Space.com have posted on their website that in a televised call to the space station in February, NASA chief Charles Bolden asked two onboard residents at the time, U.S. astronauts Dan Burbank and Don Pettit, to talk about what astronauts are in need of, based on what they have seen and experienced on their travels.
''Onboard space station right now, astronauts have to be essentially jacks of all trade,'' Burbank said. ''We need to be able to fix anything and everything that happens.''
As people leave the Earth orbit, Burbank said that one of the key things needed is to essentially cut the cord from Earth and be able to keep spacecraft to the degree: ''that if something breaks, you can replace a part outright... you need to be able to fabricate a part.''
''NASA has a team of researchers from four different space agency centers working on demonstrating the full concept,'' said Karen Taminger, materials research engineer at NASA's Langley Research Center in Hampton, VA.
Currently, all of the work is being done in labs on the ground, at NASA's Langley, Glenn, Marshall and Johnson space centers, Taminger said, ''but we are working towards demonstrating this capability on ISS.''
An enterprising team from Singularity University, a non-profit institution in California's Silicon Valley that works on forward thinking technologies, has formed a "Made in Space" company, carrying out parabolic flights last year to showcase their 3D printing initiative.
''With the National Network for Manufacturing Innovation, there has been increased national focus on 3D printing and additive manufacturing in the past six months,'' Tamginer said. ''In addition to helping create manufacturing jobs in the US, we are pushing to demonstrate this on the ISS, in preparation for longer duration space exploration.''
Space-based, on-demand fabrication of metallic parts using additive manufacturing was outlined last month during the 1st Annual International Space Station Research & Development Conference held in Denver.

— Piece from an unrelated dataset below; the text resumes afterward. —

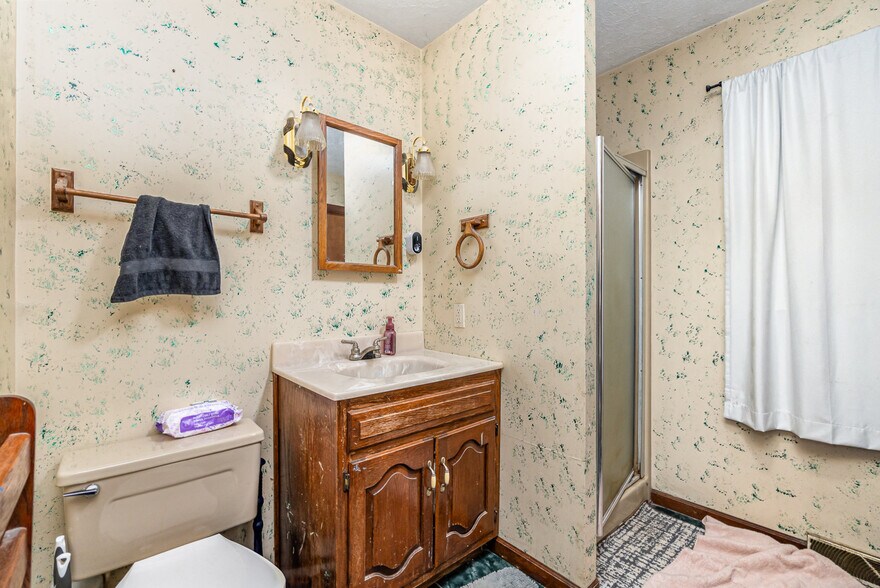 More Photos Of 7195 Singer Rd, Dayton Horse Stables For Sale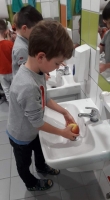 Zdjęcie: Produkcja soku jabłkowego.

According to a research paper on the initiative, the EBF3 process NASA is exploring uses an electron beam and wire to fabricate metallic structures. The process efficiencies of the electron beam and the solid wire feedstock make the EBF3 process attractive for use in space, say researchers engaged in studying the manufacturing idea.
Although these experiments haven't been funded or scheduled yet: ''that is certainly where we would like to go,'' Taminger concluded.